*Material shown*.

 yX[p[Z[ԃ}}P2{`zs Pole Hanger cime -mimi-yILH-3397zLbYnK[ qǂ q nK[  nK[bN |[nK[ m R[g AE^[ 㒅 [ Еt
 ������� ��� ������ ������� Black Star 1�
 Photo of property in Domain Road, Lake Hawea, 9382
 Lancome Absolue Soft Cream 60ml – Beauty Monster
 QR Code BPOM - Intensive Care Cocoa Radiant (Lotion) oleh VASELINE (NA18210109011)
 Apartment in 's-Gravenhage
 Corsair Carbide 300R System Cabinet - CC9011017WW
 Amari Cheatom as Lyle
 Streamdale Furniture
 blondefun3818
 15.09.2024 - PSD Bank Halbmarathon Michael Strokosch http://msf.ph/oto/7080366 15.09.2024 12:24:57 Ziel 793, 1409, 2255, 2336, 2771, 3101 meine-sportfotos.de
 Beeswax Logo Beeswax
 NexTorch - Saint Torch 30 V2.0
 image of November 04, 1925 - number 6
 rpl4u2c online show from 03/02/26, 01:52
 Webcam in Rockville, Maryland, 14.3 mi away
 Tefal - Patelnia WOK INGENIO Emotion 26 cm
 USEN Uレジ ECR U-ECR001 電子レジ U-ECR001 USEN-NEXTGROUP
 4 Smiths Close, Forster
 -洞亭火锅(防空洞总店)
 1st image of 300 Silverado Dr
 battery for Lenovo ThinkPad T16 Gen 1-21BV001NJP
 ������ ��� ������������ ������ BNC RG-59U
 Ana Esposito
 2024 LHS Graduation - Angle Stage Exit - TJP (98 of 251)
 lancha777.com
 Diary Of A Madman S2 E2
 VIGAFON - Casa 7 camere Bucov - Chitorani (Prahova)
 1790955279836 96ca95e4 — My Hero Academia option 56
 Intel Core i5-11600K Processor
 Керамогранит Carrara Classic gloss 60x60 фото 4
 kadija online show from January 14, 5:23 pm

*What you have to do*. All lines above with "from" in them should be returned.

*Exercise response*.
 rpl4u2c online show from 03/02/26, 01:52
 kadija online show from January 14, 5:23 pm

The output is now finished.